# Wrackangeln in der Ostsee



## Fischbox (2. Dezember 2002)

#h Moin, Ihr &quot;positiv Verrückten&quot;! #h 

Hab da mal &acute;ne Frage. Früher war ich des öfteren auf der Nordsee zum Wrackangeln. Das waren echt supergeile Fangerlebnisse mit bis zu 25 Dorschen von 3 bis 15 Pfund pro Person. Aber das war leider einmal.  :c 
Jetzt als absoluter Baltic-Fan mit eigenem Boot, möchte ich versuchen den vielen Schiffswracks auf der Ostsee mal den einen oder anderen fetten Dorsch zu entlocken. Habe jetzt mal meine Seekarten studiert und um Fehmarn herum, sowie in der Neustädter Bucht einige Wracks ausfindig gemacht, die für mich bei stabiler Wetterlage als Angelziel in Frage kommen. Leider lassen sich die GPS-Daten nur sehr ungenau aus den Karten herauslesen, so daß ich wohl allein einen halben Urlaub damit verbringe ein Wrack zu orten. Hat jemand Tips für mich, wie ich an genaue Daten komme? ;+ 
Es soll mir ja keiner seinen Hot-Spot verraten, einer kleiner Tipp würde schon reichen. Gibt es vielleicht irgendwelches Buchmaterial (z.B. zum Thema &quot;Tauchen&quot; ) was mich da weiterbringen kann? 
Wie habt Ihr &quot;Eure&quot; Wracks gefunden?
Bin gespannt, ob meine Hilferuf was bringt.

 #h Gruß von Fischbox aus Wahrenholz #h


----------



## Meeresangler_Schwerin (2. Dezember 2002)

Moin Fischbox!
Wenn du eine offizielle Seekarte besitzt von deinem Zielgebiet sollte es doch eigentlich kein Problem sein mit Lineal und Dreieck die genaue Position heraus zu finden.
Ich habe allerdings noch nichts gehört von Wrackangelei in der Ostsee so wie es in der Nordsee üblich ist.


----------



## Fischbox (2. Dezember 2002)

@Meeresangler_Schwerin

Die Karte ist ganz offiziell und auch aktuell.
Da ist ja immer ein Kreis mit der minimalen Tiefenangabe über dem Wrack und unter dem Kreis ist noch ein Balken. Bei meiner Karte ist das ein Bereich der in Natura einen Durchmesser von ca. 250-300m hat. Ganz schön groß finde ich.
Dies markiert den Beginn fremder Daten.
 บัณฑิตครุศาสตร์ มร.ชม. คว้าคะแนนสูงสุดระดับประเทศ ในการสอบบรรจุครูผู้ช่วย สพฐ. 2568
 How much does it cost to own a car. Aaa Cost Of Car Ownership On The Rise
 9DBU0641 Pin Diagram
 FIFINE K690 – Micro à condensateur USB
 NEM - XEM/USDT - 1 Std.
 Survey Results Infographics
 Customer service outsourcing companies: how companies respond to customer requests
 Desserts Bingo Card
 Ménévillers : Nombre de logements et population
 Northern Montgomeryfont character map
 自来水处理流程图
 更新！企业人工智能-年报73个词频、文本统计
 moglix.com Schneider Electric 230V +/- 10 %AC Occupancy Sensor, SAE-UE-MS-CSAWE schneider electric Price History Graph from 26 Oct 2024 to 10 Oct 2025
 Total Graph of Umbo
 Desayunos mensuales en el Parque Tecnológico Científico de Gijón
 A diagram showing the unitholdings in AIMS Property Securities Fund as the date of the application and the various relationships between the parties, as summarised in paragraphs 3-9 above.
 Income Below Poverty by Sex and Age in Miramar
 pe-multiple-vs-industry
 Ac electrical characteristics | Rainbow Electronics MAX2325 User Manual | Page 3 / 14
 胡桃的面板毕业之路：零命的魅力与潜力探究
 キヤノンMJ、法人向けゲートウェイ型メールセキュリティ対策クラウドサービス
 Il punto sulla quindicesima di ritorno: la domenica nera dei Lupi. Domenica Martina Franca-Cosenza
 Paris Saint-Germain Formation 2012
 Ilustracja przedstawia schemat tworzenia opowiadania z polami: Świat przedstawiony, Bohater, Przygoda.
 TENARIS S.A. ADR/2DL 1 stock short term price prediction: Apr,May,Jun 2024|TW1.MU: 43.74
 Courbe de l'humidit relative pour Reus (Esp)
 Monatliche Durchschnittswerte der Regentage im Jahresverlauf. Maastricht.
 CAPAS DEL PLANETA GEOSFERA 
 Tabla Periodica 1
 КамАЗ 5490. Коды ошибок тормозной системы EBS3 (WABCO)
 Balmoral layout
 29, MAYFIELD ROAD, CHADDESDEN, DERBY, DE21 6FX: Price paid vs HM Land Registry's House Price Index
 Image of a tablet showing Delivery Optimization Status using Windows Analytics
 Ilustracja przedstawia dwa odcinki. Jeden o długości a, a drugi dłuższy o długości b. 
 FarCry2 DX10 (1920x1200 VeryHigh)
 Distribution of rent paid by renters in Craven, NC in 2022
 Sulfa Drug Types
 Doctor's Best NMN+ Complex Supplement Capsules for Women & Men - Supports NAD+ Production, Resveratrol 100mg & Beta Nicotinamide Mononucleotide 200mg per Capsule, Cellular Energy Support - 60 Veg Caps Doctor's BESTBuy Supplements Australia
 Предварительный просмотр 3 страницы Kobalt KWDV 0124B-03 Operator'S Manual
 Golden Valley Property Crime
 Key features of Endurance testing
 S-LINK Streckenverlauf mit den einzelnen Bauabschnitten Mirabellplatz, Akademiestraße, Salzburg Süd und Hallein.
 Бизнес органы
Oder wo genau liest man die Koordinate ab? ;+ 


Eines muß ich ganz dringend noch loswerden, und zwar einen &quot;Herzlichen Glückwunsch&quot; zum 5000.ten  :m . Du machst in diesem Board echt einen Bombenjob!! Sehr informativ und locker!!!#r   ...und Danke!!


 #h Gruß von Fischbox aus Wahrenholz #h


----------



## Meeresangler_Schwerin (2. Dezember 2002)

Moin Fischbox!
An diesem unteren Balken unter deinem Wrack markierst du genau die Mitte. Das sind die Koordinaten von deinem Wrack. Die kannst du dann mit Lineal und Dreieck mittels parallelverschibung am Kartenrand ablesen.


----------



## Fischbox (2. Dezember 2002)

:z  :z ....und einmal mehr hat mir das Anglerboard geholfen!! Vielen Dank MS :m  :m


----------



## Ringelwurm (8. Februar 2004)

*Wrack-Koordinaten*

Hei Fischbox,
wenn du noch Koordinaten brauchst.....
ich hab eine Dänische Datenbank mit Koordinaten, Schiffsnamen, Tiefenangaben, usw... im netz gefunden.
Grüße Ringelwurm


----------



## langelandsklaus (8. Februar 2004)

@ Ringelwurm

setze doch bitte mal den Link hier rein. DANKE !


----------



## FrankHB (9. Februar 2004)

Moin  Fischbox

====> http://www.anglerboard.doks-pages.com/board/showthread.php?s=&threadid=23358

Gruss FrankHB


----------



## Ringelwurm (9. Februar 2004)

*Datenbank*

Servus,
Ojee, Ich find keine Adresse mehr für die Datenbank, auch nicht im Prog. selber.
Vielleicht kann ich sie irgendwo Uplowden, wo sich´s jeder ziehen kann, oder ich schick sie als e-mail- anhang den´s interresiert.
Irgendwie findet sich schon was. Die Datenbank is blos ca.1mb groß.
Grüße Ringelwurm (Roland)


----------



## Fischbox (10. Februar 2004)

Schönes Ding Frank#6#6! Wieso ist mir der Beitrag vorher nicht aufgefallen?!
Besten Dank!!!


----------



## Ringelwurm (13. Februar 2004)

*Wrackdatenbank*

Hallöle,
Hab die Adresse der Wrackdatenbank wieder gefunden.

http://bends.dk/dykinfo/

Gruß Roland


----------



## Stxxxxxxxxx (13. Februar 2004)

Hi Thomas,

wenn du die Wracks in der Neustädter Bucht gefunden hast, dann berichte doch bitte mal.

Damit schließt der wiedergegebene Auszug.